The appellant's case was that, following the enactment of section 3 of the Homicide Act 1957, as explained by the House of Lords in DPP v Camplin (1978) Cr App R 14, the Duffy direction was now wrong.

In Camplin's case, Lord Diplock referred to section 3 as abolishing 'all previous rules of what can or cannot amount to provocation'; but he did not, it should be noted, redefine provocation itself. Camplin's case was concerned with the objective element in provocation, the 'reasonable man' limb of the defence, and although Duffy's case was cited none of the Law Lords suggested it was wrong. Nor had any decision since so suggested.
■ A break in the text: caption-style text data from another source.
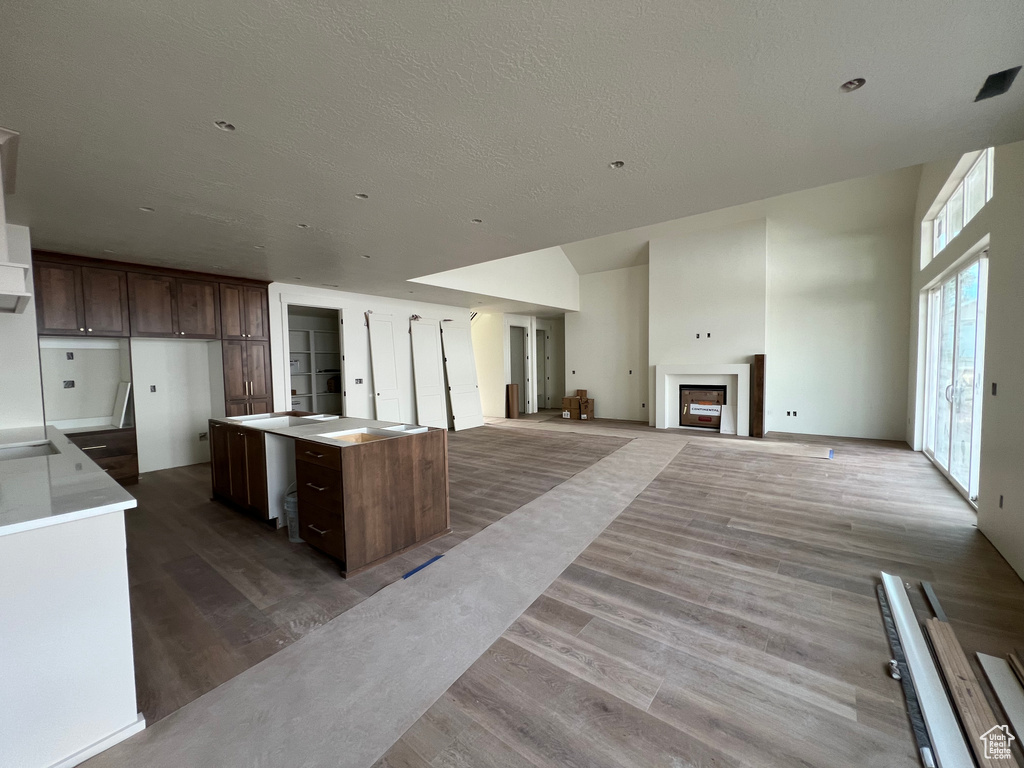 Kitchen with dark brown cabinets, wood finished floors, a fireplace, a textured ceiling, and a kitchen island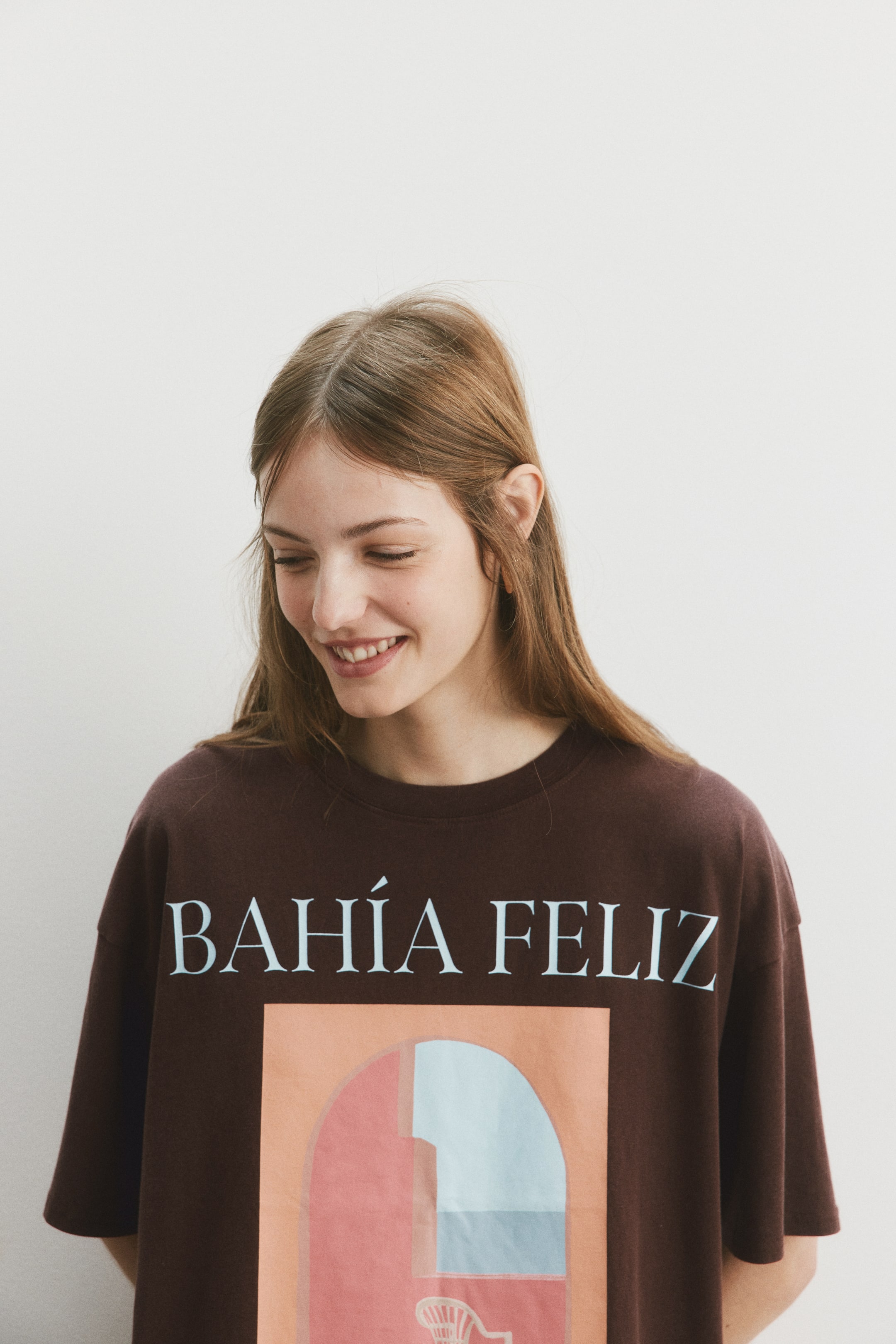 拡大画像を表示: ダークブラウンのクルーネックTシャツには、長方形のグラフィックプリントの上に「BAHÍA FELIZ」と淡い青色の大文字で表示されています。グラフィックは、桃色、淡い青色、ピンクがかった赤色の幾何学的な形状を持つアーチ状のデザインが特徴です。
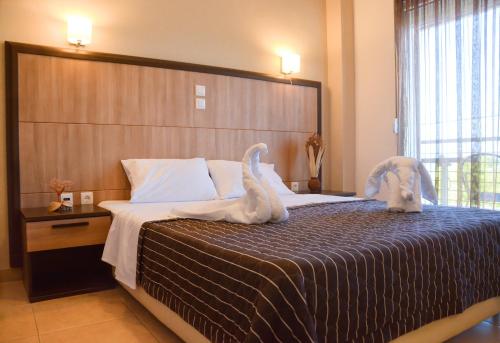 a bedroom with a bed with stuffed animals on it at Rodolithos Beach in Stavros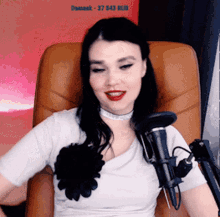 a woman is sitting in a chair with a microphone in front of her and the number 37643 is visible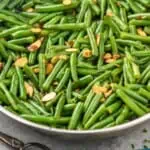 pinterest graphic of skillet with green bean almondine recipe, says: "green beans almondine, simplejoy.com"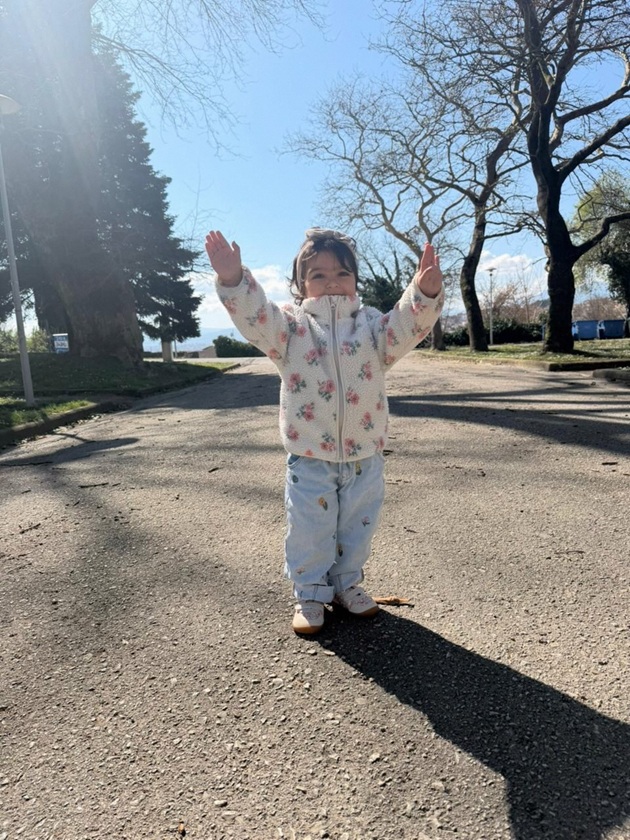Nepoata lui Damian Drăghici &icirc;n blugi și o jachetă albă cu imprimeu floral, surprinsă &icirc;n poză &icirc;n timp ce ținea m&acirc;inile ridicate.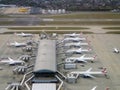 A row of aircraft outside a terminal at London Heathrow airport Royalty Free Stock Photo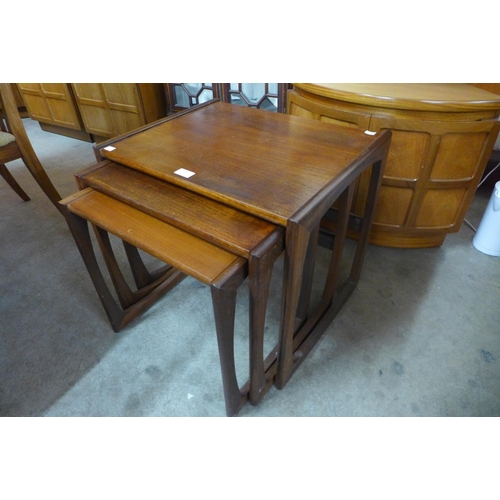 144 - A teak nest of tables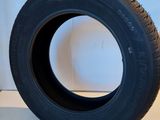 a close up of a tire on a white surface next to a wall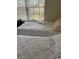 Bedroom featuring two twin beds with cozy white bedding and a window with a view at 10 Hickory Loop, Ocala, FL 34472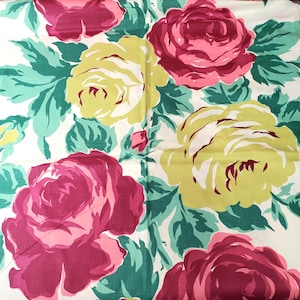 May include: A floral pattern featuring large roses in shades of pink, yellow, and red, set against a white background. The design includes green leaves and buds, creating a vibrant and colorful textile pattern.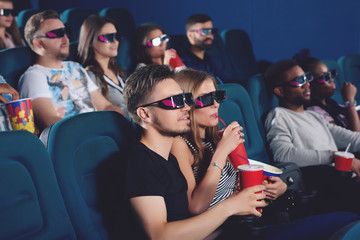 Couple wearing in 3d glasses in modern cinema hall.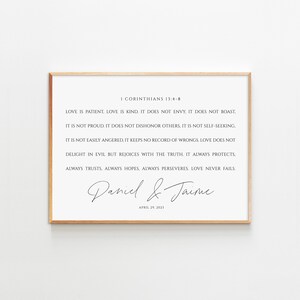 May include: A framed print with a white background and black text. The text is a quote from the Bible, 1 Corinthians 13:4-8, about love. The print also includes the names "Daniel & Jaime" and the date "April 29, 2023".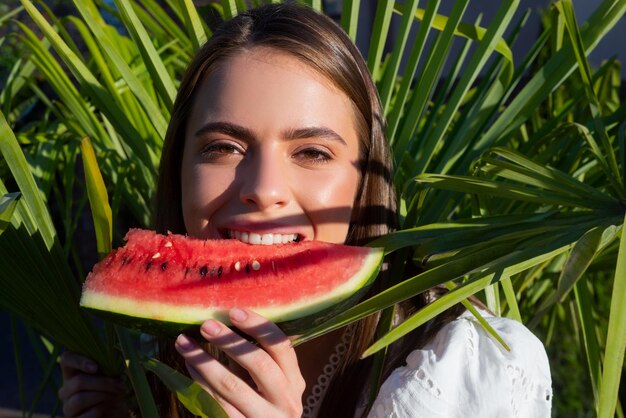 La donna del ritratto di estate sta tenendo una fetta di cha positivo del concetto di viaggio di vacanza tropicale dell'anguria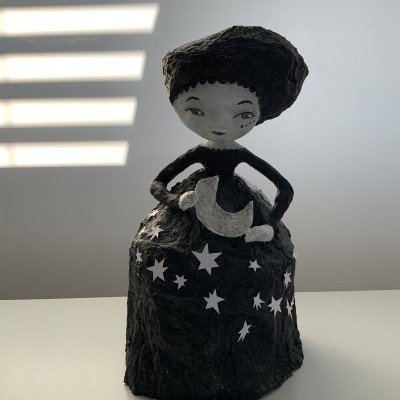 Escultura feminina preta e branca com vestido decorado com estrelas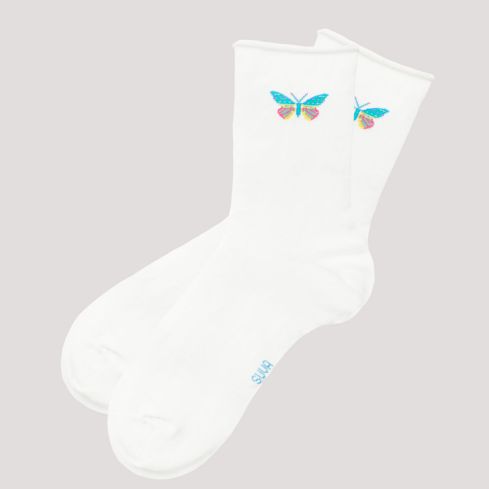 Valged sokid pehme äärega ja väikese liblikaga väike SUVA logo tallal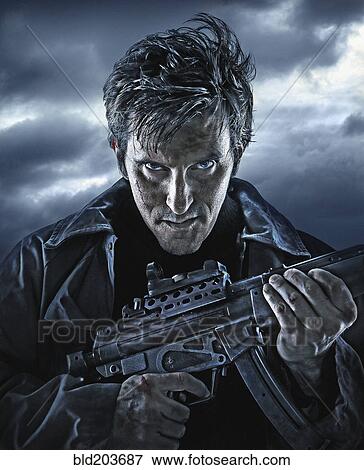 Caucasian man holding machine gun outdoors View Large Photo Image Stock Photo - Caucasian man holding machine gun outdoors. Fotosearch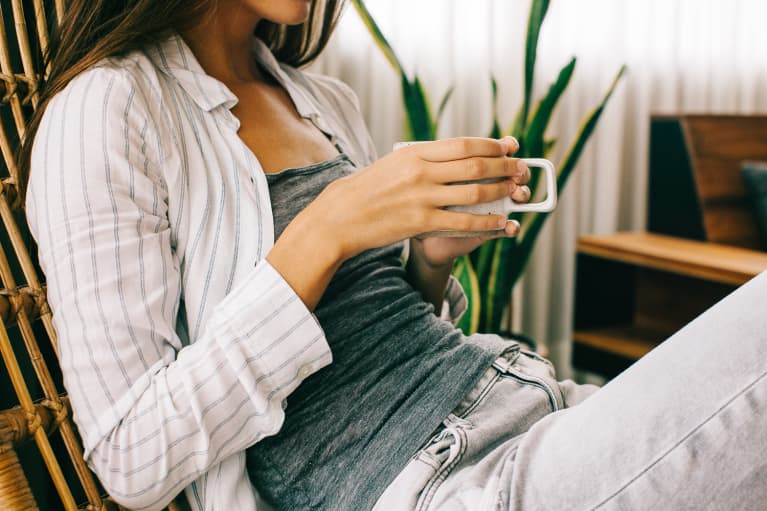 Unrecognizable Woman Relaxing At Home Drinking Tea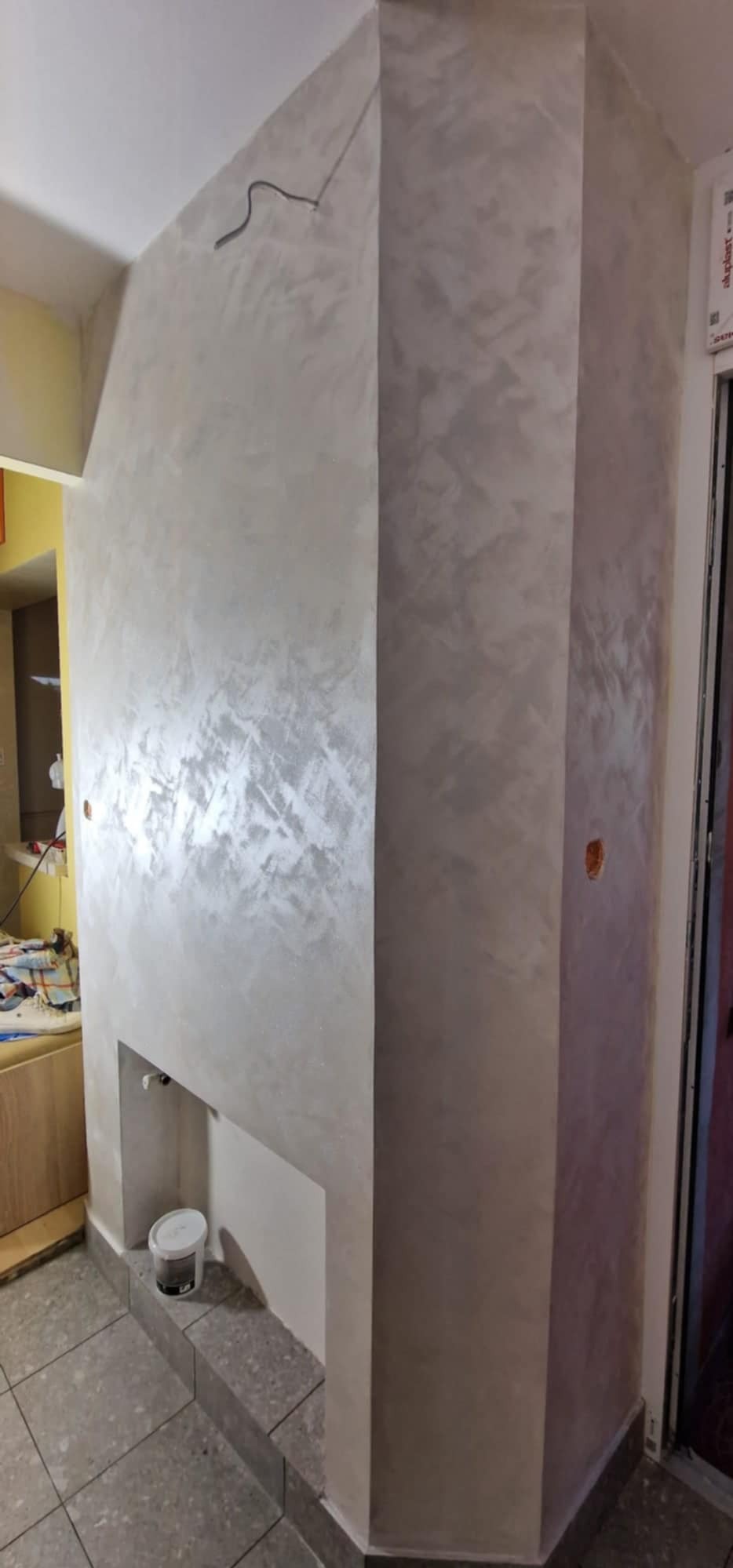 Ściana z dekoracyjną, srebrzystą gładzią wnęki, z widocznym kablem na suficie i wiadrem farby na podłodze. Wykończenie wnętrza z efektem połysku.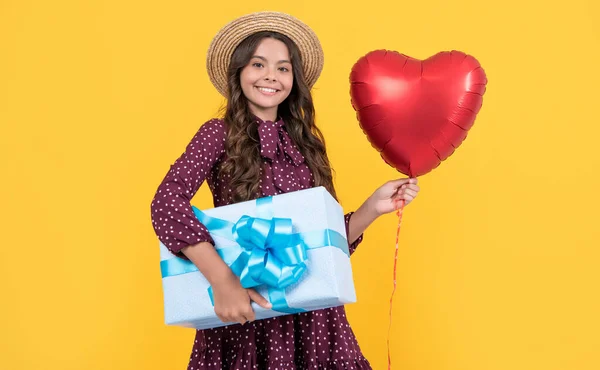 Cheerful Teen Child Red Heart Balloon Present Box Yellow Background — стоковое фото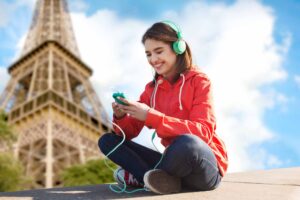 Woman listening to French songs near the Eiffel Tower in Paris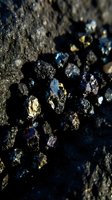 Macro shot of pyrite mineral crystals with metallic luster scattered on dark rocky surface, showcasing golden and blue iridescent reflections for geology and mineral collection content.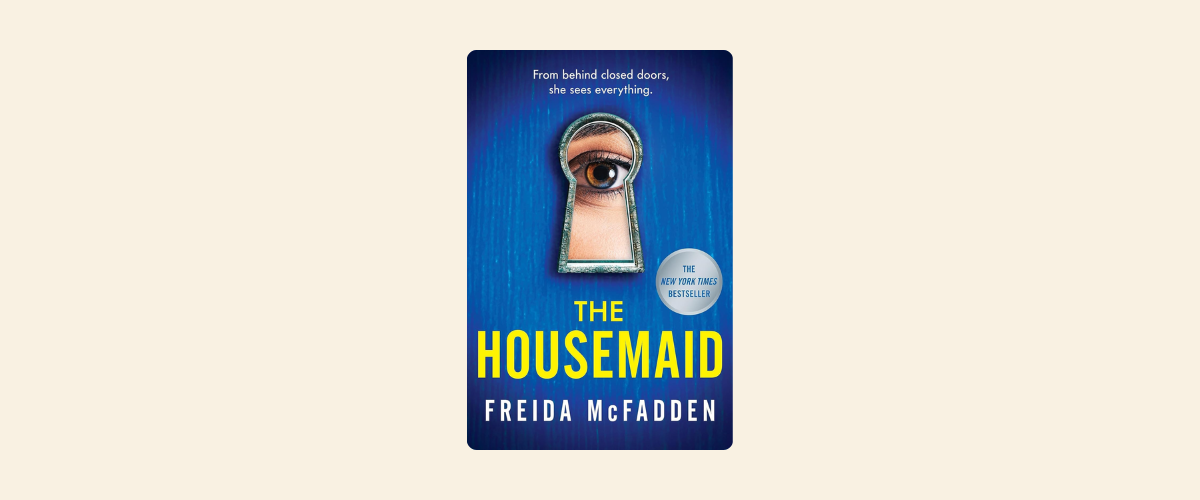 An image of a book cover with a woman's eye peeking through the keyhole. The book is The Housemaid by Freida McFadden.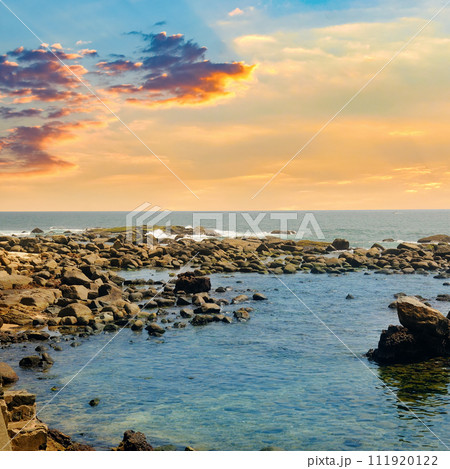 Picturesque tropical beach with boulders and beautiful sunset. 111920122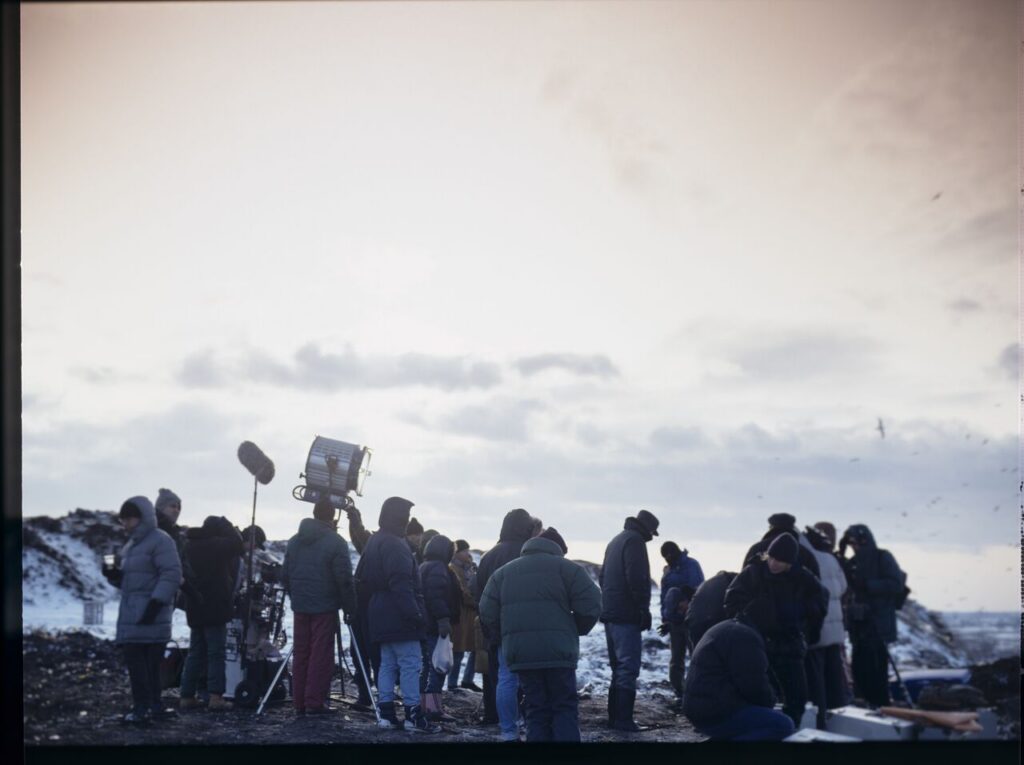 Krzysztof Kieślowski (director) surrounded by the crew on the set at a garbage dump.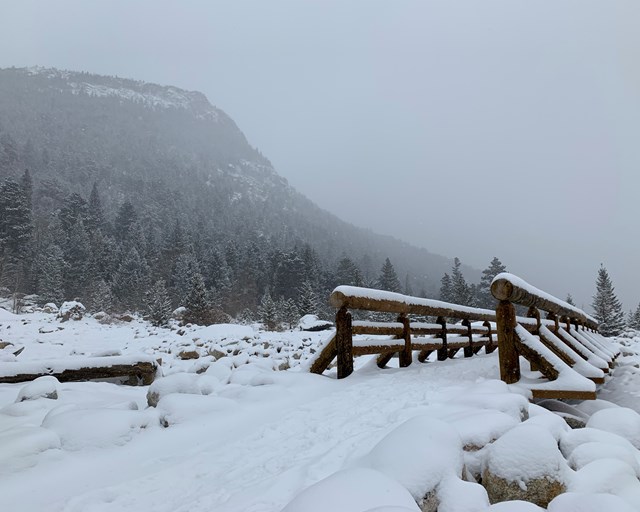 Wooden footbridge covered in snow surrounded by rocks and mountains.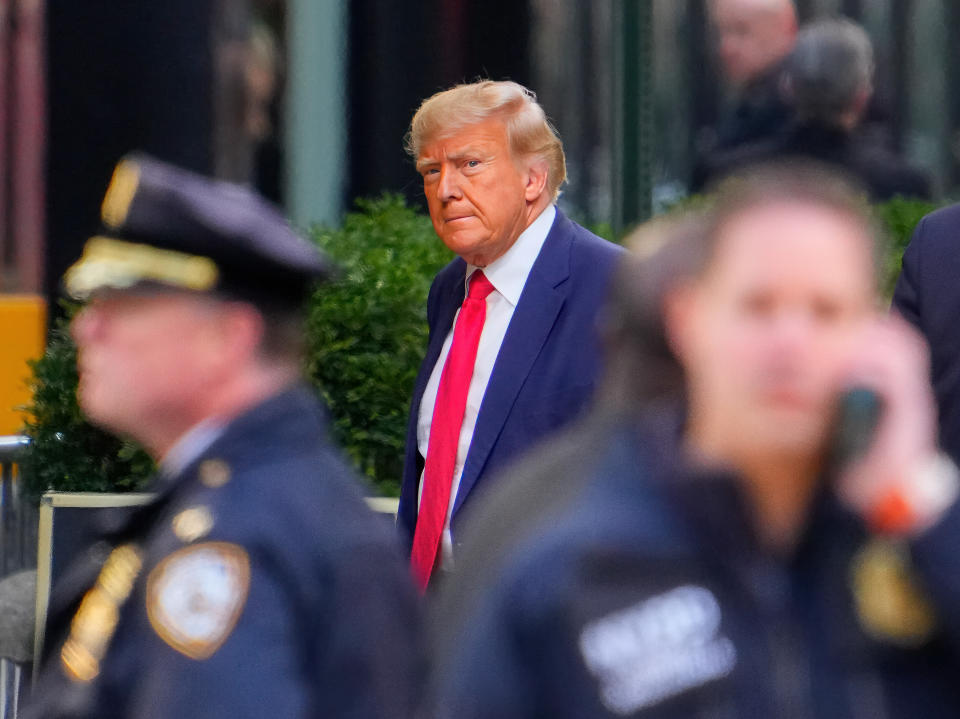 Biting his lip,  Donald Trump, in blue suit and red tie, arrives at Trump Tower, with a guard in uniform in front of him.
On the contrary, there had been a consistent line of binding authority approving the use of the phrase 'sudden and temporary loss of self-control'. It encapsulated an essential ingredient of the defence of provocation in a clear and readily understandable phrase.

It was said on the appellant's behalf that the phrase might lead the jury to think provocation could not arise for consideration unless the defendant's act followed immediately upon the act or words constituting the alleged provocation, and that although an interval of time might in many cases be a time of 'cooling off' and regaining self-control, so as to forfeit the protection of the defence, in other cases, particularly those of long-abused women, the time lapse might have the opposite effect, marking a 'slow-burn' reaction rather than an immediate loss of self-control.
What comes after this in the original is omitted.